It is just as well that the debate about whether India should have two different standard times or not has popped up once again. The latest suggestion comes from a team of scientists in Bangalore that wants the government to seriously consider advancing the Indian Standard Time (IST) by half an hour so that it is six hours ahead of the Greenwich Mean Time (GMT) or the Universal Coordinated Time. This, they say, will save an estimated 16 per cent peak evening electricity. Writing in the journal, Current Science, Dilip Ahuja and D.P. Sen Gupta of the National Institute of Advanced Studies at the Indian Institute of Science propose advancing IST from being the time at the 82.5 degree East longitude (Mirzapur in Uttar Pradesh) to 90 degree East (Bengal-Assam border). This is not the first time such plans have been mooted. During the late 1980s, researchers from one of India’s leading energy institutes suggested a similar system of time zones to save electricity.
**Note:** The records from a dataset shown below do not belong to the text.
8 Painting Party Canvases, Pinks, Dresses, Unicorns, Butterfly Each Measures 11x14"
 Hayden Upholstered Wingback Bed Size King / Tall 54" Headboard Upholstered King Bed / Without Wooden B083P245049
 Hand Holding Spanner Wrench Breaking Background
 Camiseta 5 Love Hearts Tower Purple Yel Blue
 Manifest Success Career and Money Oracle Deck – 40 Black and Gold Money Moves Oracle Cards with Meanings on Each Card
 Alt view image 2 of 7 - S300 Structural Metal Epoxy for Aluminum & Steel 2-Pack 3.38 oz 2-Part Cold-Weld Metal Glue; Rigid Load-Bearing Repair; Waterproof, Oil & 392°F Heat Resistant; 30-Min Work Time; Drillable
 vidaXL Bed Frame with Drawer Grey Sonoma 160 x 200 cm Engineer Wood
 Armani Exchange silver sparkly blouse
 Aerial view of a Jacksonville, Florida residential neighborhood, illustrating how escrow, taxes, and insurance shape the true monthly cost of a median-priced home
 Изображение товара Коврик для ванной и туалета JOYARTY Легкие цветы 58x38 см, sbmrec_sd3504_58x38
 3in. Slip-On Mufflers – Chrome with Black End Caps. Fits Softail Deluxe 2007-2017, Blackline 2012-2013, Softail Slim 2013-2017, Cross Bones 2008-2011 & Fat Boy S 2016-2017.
The basic idea behind these proposals is obviously sound: to make the best use of daylight in eastern India, where the sun rises and sets more than an hour earlier than in the west. Arunachal Pradesh, for instance, gets to see the sun when it is still dark in Ahmedabad. People in the east stay up longer, keeping lights on, and use up more electricity than in the rest of the country. Not surprisingly, even cricket matches played in Guwahati have to be started half an hour early so that they can be finished before the shadows creep in. Critics argue weakly against dual time zones, quoting everything from increased risks of train accidents across the time zonal boundaries to possible spurt in terrorist violence. Fears that the energy savings won’t justify these risks are also unfounded, given that current power shortages cost India up to 1.5 per cent of its GDP every year. Considering that every degree of longitude spells four minutes, India’s geographical span of 68 degrees to 97 degrees East of Greenwich works out to nearly two hours — large enough to have two time zones.

In any case, for well over half a century, the subcontinent did have separate time zones for its largest Presidencies, Bombay and Calcutta — temporal divisions that were unified only after Independence. So perhaps the bigger question is whether there is enough political will in the country to reset our clocks? The time for that starts now.